Photo by Stephanie Peltner

Photo by Stephanie Peltner


Should I sign up during my Tele-BEARS appointment for all my language classes?
Yes, please, if at all possible. It would really help you to get the sections you want because some of them fill up fast. And you would help us determine where more sections are needed. So do yourself and us a favor and use your Tele-BEARS appointment!

What happens if I missed Tele-BEARS and want to register at the last minute for a German course?
Just go to the section on the first day of classes and see if it’s full. If it is, talk to the instructor about what options you might have. If you get into the class, remember that it’s your responsibility to add the course through the registrar by the deadline.

How do I find out where and when a language course is taught?
Well, you have three options: 1) you may check our fall, spring, or summer course pages, or go directly to the Online Schedule of Classes; 2) you may stop by the department (5th floor Dwinelle/level E) and check the listings posted outside of the office at Dwinelle 5311; or 3) call the department office at (510) 643-2004. You can also check the printed University Schedule of Classes, but be aware that there are occasionally last-minute location changes which are not reflected in the printed schedule, so options 1 and 2 are your best bet.

What if I can’t find the class where I thought it was going to meet?
Sorry! Sometimes room assignments have to be changed at the last minute. You can get the latest info on the class location by checking the Online Schedule of Classes website, by stopping by the department (5th floor of Dwinelle Hall) and checking the listings posted outside of the office at Dwinelle 5311, or by calling the department office at (510) 643-2004.

Do I really have to go to every class during the first week?
Ja, du musst. (Yes, you must.) No exceptions. Otherwise you risk losing your spot in the class. And guess what? We expect you to go to every class during the semester unless you have a really good excuse.

Where do I go to practice my German?
You may consider taking one of the upper division courses offered in German. You could also enroll in our conversation class, German 40. For extracurricular fun, go to the weekly Stammtisch or Kaffeeklatsch, which meet every week during the semester. Check our Events listings for more information.

If my German final overlaps with another exam, what do I do?

Each semester we schedule an alternate final date for our German 1, 2, and 3 sections to accommodate students with exam conflicts. Please talk to your instructor for more information.

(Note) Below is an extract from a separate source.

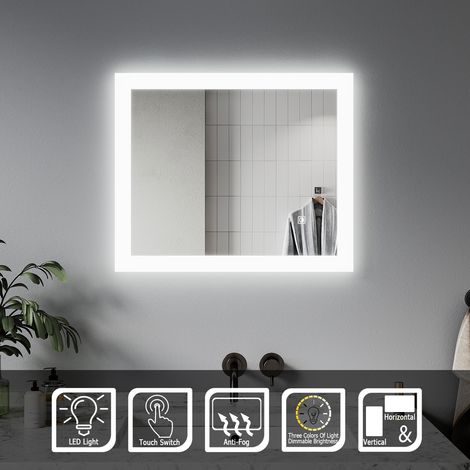 ELEGANT LED Bathroom Mirror 600x500 mm with Touch Sensor Illuminated Lights Wall Mounted Horizontal Vertical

Can I retake German 4 because I forgot most of it?
You may only repeat German 4 for credit if you received a grade of D+, D, D-, F, NP, or U the first time. If you want to refresh your German, consider taking German 45: Intensive Grammar Review (3 units) and/or German 40: Conversation (2 units).

Can I study in Germany and still be done in four years?
Go study abroad for a semester or a year! You can study almost any subject in Germany and make normal progress toward your major. All your credits are transferable, and you save money overall thanks to scholarships and the low housing cost there. Currently it costs about $2,000 to 4,000 LESS for the twelve-month program in Göttingen than for the nine-month academic year at Berkeley (and that includes airfare)! There is now even an Education Abroad Program in Germany which requires no previous knowledge of German at all. Check our Study Abroad section to explore your options.

How can I use my BA in German?
If you don’t want to attend graduate school, you can apply for jobs in international and global companies; you can work for a transatlantic organization, teach, do translations and much more. Have a look at the Career Center’s web page about International Careers.

Why does the German Department offer courses in English?
The German Department is more than a language department—we offer courses that provide a solid liberal arts major. Several courses on German philosophy, intellectual and cultural history, contemporary history, and film do not require knowledge of German. Although our major requires six upper-division courses taught in German, we also count four courses in English on German topics, offered either in our department or in affiliated departments. PLEASE CONSULT THE UNDERGRADUATE ADVISER ABOUT COURSES THAT COUNT TOWARD YOUR MAJOR.

How large are classes in the German Department?
Our language classes have between twelve and twenty students each; our literature classes have about ten to fifteen students each, and our “big” courses are limited to no more than fifty students per course. And with the exception of language classes, all of our courses are taught by regular Berkeley faculty.